Morte di Danton, lo sappiamo, è difficilissimo. Non a caso non lo si fa mai. Ne ho viste due sole edizioni: una di Klaus Michael Grüber, rastremata fino a un assottigliamento tale del testo da renderlo pari a un profilo inciso sul marmo; l’altra, di Simone Carella, in cui il testo era evaporato nelle pure voci, voci che s’incrociavano e s’accavallavano, in uno sventolio di bandiere rosse e tricolori di Francia. Di questo spettacolo Martone potrebbe avere memoria. Andò in scena al Beat 72, un teatrino romano d’avanguardia che lui, ragazzo, frequentava, e dal quale prese le mosse. Nel suo siamo all’opposto, siamo nei luoghi che egli con ogni probabilità detestava: il lusso, la magniloquenza, lo stordimento. Si potrebbe descrivere così. Büchner racconta nel suo testo un momento della Rivoluzione, il più drammatico: lo scontro tra Danton e Robespierre.

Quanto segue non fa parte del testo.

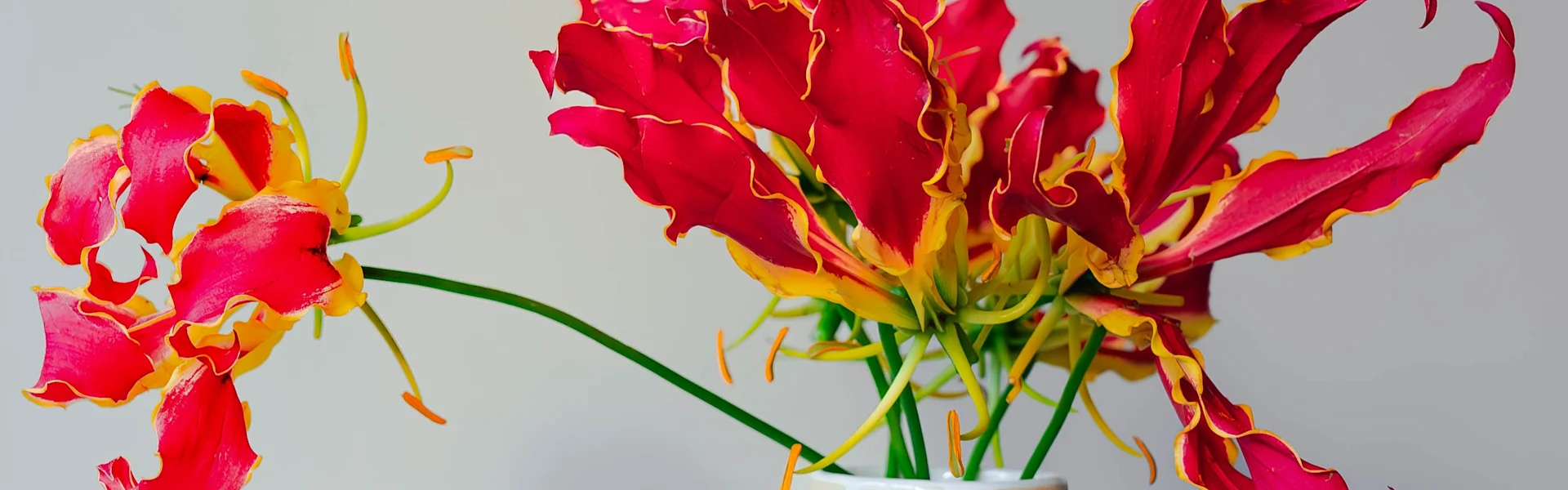 hallo, wunderschöne gloriosa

Danton non è né un volgare edonista né un ovvio moderato. Semmai è un nichilista (e poi uno stoico). Ma meglio ancora, con il senno di poi, un esistenzialista, un uomo che ha l’alta virtù di vedere (di sentire) la natura umana. Robespierre è, naturalmente, il Terrore. Ma entrambi, e tutti gli altri personaggi, parlano lo stesso linguaggio sentenzioso: epigrammaticità che viene dal Seicento dei moralisti francesi e metaforicità non inferiore a quella dei romantici tedeschi, coevi di Büchner.
Nella messinscena di tutto ciò, con cinque sipari rossi in sequenza, con illustrazioni nello stile da blockbuster di Noi credevamo, con entrata in scena dei protagonisti, e delle comparse, sempre (altamente) risonante, con l’affacciarsi di tanto in tanto di cadenze napoletane e gratuita scena di sesso e nudo — in tale messinscena, di Büchner cosa resta?
Anche prendendo lo spettacolo a spicchi, poesia e non poesia (stile Benedetto Croce, visto che Napoli suona, siamo, un poco, nel suo regno), non c’è nulla di buono. Neppure negli attori. I meno credibili sono i due protagonisti. Giuseppe Battiston ha la dolcezza, eventuale, di Danton, mai la durezza. Paolo Pierobon dico solo che si presenta vestito di nero, con tanto di tricorno, a capo chino – un po’ da prete.
Meglio di loro, nella sua prima apparizione, il Saint-Just di Fausto Cabra. Si salvano, nella massa, Paolo Graziosi, Roberto De Francesco e Alfonso Santagata. Nessun personaggio femminile, neppure Iaia Forte, è persuasivo.